Friday, July 24, 2009

BH Global Concept Review: Time Trial By Fire!


(Added Note: The new ride also got a photo and a mention in Oregon Cycling Action!)

I got the "Pro treatment" this week. My team manager built up a brand new BH Global Concept time trial bike and brought it out to the Cascade Cycling Classic for me to race this week. This is the just-released 2010 model, revised to meet the now more strictly enforced UCI standards.

The AG2R French Pro Tour team debuted the bike in the Tour de France a couple of weeks ago; now my Ten Speed Drive Cat 1 amateur team has the privilege of unveiling the rig to North America.

A National Road Calendar event may not be the ideal time to debut a new setup. But one of the most important things a cycling team can do is to help them debut new products, get them good exposure, and hope that they're interested in helping us to continue to grow our race program.

We dilligently measured my current setup, built it up with hand-me-down Campagnolo components and Profile Design time trial bars and stem, and a soft-nosed time trial saddle. The bits and pieces were different, but we were able to get a position that felt really good.

The Bike

She's a beauty. Good looks may not directly translate to speed - but this baby definitely looks fast and inspires time trial confidence.

The frame is also a great balance between light weight, beefy tubes for power transfer, and aerodynamics. The front wheel tucks right into the downtube, the rear wheel into the cleverly-curved seat tube.

Did I mention that this bike is LIGHT!? Fully built up, my 54cm bike weighs in at about 17.5 pounds. Considering how aerodynamic and overbuilt the tubes are, this is really impressive for a time trial bike.

Sweating the Details

The seat mast is semi-integrated, which means the bike can still be disassembled and shipped, there's room for 90mm of seat height adjustment, and you get the aerodynamic advantages of having a beefier, sculpted seat mast and seatpost.

Internal cable routing may sound like a nit-picky nicety. In fact, keeping the cables inside the frame and out of the wind can be a surprisingly huge time savings in races against the clock. The GC Aero does an excellent job running the derailleur and brake cables inside the tubes for almost their entire length.

Overall Performance

The bike felt amazing in today's hilly 25km event. The ride quality is incredibly smooth and all of my efforts translated directly into forward momentum. The bike ripped through the corners on the 45mph long return descent - it didn't at all feel like I was on a new unfamiliar ride.

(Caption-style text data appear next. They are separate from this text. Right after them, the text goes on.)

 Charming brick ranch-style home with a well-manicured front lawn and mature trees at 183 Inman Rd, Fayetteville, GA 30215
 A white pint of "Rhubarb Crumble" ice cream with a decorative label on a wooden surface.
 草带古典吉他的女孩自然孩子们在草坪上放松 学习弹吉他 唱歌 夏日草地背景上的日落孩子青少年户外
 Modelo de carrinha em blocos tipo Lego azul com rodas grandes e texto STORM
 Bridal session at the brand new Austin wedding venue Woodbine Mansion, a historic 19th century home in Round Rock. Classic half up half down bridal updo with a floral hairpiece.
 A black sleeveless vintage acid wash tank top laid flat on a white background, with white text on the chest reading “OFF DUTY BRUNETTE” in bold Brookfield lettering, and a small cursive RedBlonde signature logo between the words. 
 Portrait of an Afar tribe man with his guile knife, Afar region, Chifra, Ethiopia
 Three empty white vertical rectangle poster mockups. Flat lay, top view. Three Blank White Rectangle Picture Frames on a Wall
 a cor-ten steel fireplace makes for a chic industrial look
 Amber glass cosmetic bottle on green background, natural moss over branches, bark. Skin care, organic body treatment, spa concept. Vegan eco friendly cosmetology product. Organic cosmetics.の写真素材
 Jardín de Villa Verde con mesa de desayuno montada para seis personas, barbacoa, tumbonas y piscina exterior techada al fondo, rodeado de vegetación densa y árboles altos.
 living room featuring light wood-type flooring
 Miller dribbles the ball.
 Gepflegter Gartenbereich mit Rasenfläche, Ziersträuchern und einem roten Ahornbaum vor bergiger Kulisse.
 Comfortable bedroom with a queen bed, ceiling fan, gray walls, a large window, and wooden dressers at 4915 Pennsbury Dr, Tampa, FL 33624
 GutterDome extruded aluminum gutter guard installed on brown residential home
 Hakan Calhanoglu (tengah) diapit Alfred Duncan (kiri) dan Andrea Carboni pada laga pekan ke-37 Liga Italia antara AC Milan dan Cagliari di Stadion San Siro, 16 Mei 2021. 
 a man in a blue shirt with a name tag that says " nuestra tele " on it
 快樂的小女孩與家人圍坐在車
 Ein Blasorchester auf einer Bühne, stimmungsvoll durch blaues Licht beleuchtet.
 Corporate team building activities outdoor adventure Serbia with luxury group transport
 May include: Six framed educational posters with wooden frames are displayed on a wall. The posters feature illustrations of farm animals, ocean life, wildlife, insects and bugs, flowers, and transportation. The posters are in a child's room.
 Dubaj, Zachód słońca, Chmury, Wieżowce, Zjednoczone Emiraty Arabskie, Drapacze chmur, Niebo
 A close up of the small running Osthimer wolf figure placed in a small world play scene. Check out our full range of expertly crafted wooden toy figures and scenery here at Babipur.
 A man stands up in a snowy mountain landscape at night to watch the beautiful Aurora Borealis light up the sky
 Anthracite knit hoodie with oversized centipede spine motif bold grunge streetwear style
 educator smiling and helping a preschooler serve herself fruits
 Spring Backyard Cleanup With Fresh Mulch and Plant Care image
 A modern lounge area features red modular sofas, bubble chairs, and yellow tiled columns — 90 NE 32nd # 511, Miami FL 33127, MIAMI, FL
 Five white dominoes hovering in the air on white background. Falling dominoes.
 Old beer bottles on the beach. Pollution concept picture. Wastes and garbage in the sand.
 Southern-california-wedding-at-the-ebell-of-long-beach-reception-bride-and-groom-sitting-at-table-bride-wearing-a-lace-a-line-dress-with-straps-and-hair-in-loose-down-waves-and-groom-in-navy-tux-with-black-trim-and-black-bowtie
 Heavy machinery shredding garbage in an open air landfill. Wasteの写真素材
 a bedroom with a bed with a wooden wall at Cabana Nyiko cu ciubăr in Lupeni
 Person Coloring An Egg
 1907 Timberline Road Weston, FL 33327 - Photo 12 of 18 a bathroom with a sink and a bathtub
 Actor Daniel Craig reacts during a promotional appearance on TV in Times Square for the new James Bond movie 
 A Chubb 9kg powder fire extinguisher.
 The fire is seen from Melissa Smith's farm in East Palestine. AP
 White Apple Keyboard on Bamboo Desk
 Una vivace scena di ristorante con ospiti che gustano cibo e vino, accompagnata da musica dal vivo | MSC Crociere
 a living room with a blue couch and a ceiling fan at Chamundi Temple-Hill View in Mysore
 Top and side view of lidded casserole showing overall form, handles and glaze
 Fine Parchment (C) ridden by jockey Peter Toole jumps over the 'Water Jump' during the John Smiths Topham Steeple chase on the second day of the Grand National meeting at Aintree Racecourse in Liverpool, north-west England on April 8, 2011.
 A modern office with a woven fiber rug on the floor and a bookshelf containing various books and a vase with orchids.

There are only a handful of "next generation" time trial bikes that I'd recommend to prospective buyers: Felt, Cervelo, and Trek. BH has now announced its presence in that elite circle.

It's a little early to tell how the BH compares to its predecessor, my 2007 Felt B2, also an excellent ride. The BH is significantly lighter and definitely seems to be in the same ballpark for flat out speed.

Today's debut event was a trial run of the Elite National Championships coming up next week. I still have some more fine-tuning to do with my hand position PowerTap routing, etc, but I'm looking forward to piloting my new sexy steed to the best result I can muster.

BH Bikes is the most established bike company you may have never heard of. Beistegui Hermanos or "Beistegui Brothers" is a Spanish company that's been around since 1909, but their bikes have only come to the United States in the past 3 years. See the BH Bikes website for more info.